Juan S. Guse ist Schriftsteller und Soziologe.
Seine Romane »Lärm und Wälder« (2015) und »Miami Punk« (2019) erschienen bei S. Fischer. Zuletzt erschien dort »Tausendmal so viel Geld wie jetzt« (2025), das sich an der Schnittstelle von literarischer Reportage und soziologischer Studie bewegt. Für seine Arbeit wurde er mehrfach ausgezeichnet, jüngst mit dem New York-Stipendium 2026 des Deutschen Literaturfonds. In seiner soziologischen Forschung widmet er sich primär den organisationalen Dimensionen der Bewertung von menschlicher Leistung. Er unterrichtet an der Kunsthochschule für Medien in Köln.
Vorhaben
Am ZEVEDI wird er im September einige offene gebliebene Fäden aus seiner Recherche zu »Tausendmal so viel Geld wie jetzt« aufnehmen, die nicht zu ihrem analytischen Ende gefunden haben. Das Buch handelt von Männern, die mit der Spekulation auf Krypto-Assets einen sozioökonomischen Klassensprung erlebten haben, erzählt jedoch nicht nur deren Individualgeschichten, sondern vor allem die technosozialen Versprechungen, die Blockchains geknüpft werden. Während seines Aufenthalts in Darmstadt wird er sein ethnografisches Material, das die empirische Grundlage des Buchs darstellt, nochmals durchforsten und eine Typologisierung aller utopischen Narrative erarbeiten, die unter Krypto- Kleinanleger:innen zirkulieren. Ziel ist, einen generalisierenderen Zugang zum Material zu finden, für den im Buch aufgrund von dessen Erzählform nur bedingt Platz war.

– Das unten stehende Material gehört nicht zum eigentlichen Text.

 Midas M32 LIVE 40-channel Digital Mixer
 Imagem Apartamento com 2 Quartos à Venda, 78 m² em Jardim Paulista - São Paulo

Der Aufenthalt bei ZEVEDI – Impulse und Effekte
■ „Warum Kleinanleger selbst im Crash an Bitcoin und Co. glauben“ – Eine Typologie der Rechtfertigungen, DIE ZEIT, 25. März 2026.
■ Lesung und Diskussion: „Tausendmal so viel Geld wie jetzt – Reichtum, Tränen, Utopien: Vier Männer und ihre Kryptowährungen“, Centralstation Darmstadtm, 10. September 2025.